Updated

Under pressure since a deadly natural gas explosion, California regulators said they would immediately hire four more pipeline safety inspectors.

The positions were posted Tuesday and would be filled without delay, Paul Clanon, executive director of the state Public Utilities Commission, told state Senate Energy Committee Chairman Alex Padilla in a letter reported by the San Francisco Chronicle.

The commission currently has nine inspectors on staff.

The move came amid criticism from legislators of low staffing levels for inspecting the state's 110,000 miles of gas pipelines. Records indicate California failed to meet minimum inspection levels set by the federal government for every year since 2003.

A ruptured pipeline caused a massive explosion that engulfed a San Bruno neighborhood in September, killing eight people and destroying more than three dozen homes. The cause of the rupture remained under investigation, but the tragedy has prompted calls for more safety measures to protect communities located near major gas lines.

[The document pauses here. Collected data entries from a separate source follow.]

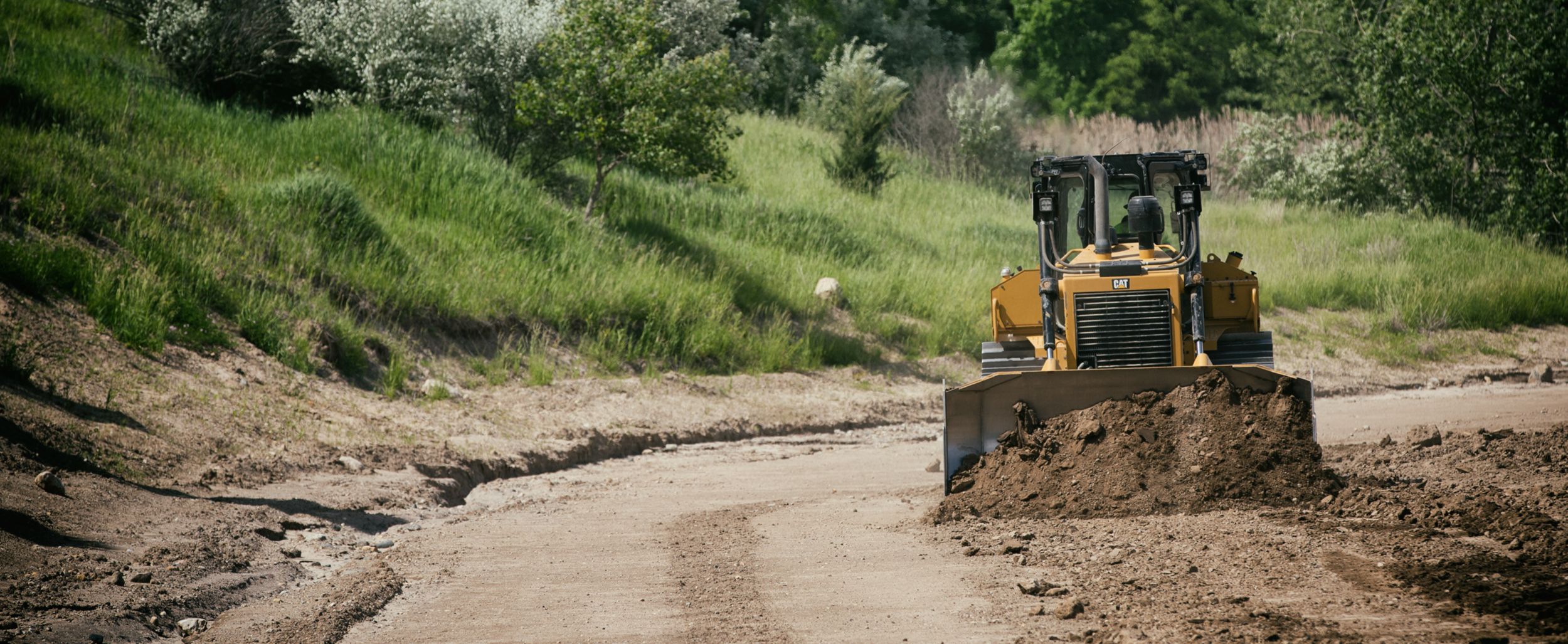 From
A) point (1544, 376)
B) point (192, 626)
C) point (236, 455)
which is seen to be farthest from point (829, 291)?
point (192, 626)

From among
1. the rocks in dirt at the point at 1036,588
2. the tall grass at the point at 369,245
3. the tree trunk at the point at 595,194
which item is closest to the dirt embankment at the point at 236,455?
the tall grass at the point at 369,245

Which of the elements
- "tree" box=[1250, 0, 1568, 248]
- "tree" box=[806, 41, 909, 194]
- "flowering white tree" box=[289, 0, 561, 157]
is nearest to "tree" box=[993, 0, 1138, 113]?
"tree" box=[806, 41, 909, 194]

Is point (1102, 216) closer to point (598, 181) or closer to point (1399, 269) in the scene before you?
point (598, 181)

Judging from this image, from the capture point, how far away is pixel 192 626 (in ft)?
21.0

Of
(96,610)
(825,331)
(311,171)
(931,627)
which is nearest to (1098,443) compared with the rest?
(931,627)

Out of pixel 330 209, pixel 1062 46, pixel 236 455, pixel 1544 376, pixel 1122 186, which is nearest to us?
pixel 236 455

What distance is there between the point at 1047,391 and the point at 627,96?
12.6 m

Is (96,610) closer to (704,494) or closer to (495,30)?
(704,494)

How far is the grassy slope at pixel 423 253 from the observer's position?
13.8m

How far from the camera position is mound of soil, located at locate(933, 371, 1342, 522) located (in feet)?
28.2

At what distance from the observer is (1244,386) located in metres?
8.99

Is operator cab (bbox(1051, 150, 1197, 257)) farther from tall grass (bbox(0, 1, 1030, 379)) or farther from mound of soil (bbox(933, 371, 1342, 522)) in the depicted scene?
tall grass (bbox(0, 1, 1030, 379))

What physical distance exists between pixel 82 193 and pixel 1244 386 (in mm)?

A Chronicle investigation found California conducts the fewest pipeline safety inspections of any state — about 1 percent of its lines are checked. The utilities commission has acknowledged that its current staff is smaller than what the federal government recommends but called the inspectors aggressive and effective.

The new hiring timeline is a departure from Clanon's previous statement that the commission would seek to hire in the next fiscal year.

Padilla, D-Pacoima, said he was pleased by the stepped-up hiring and called the action an important first step.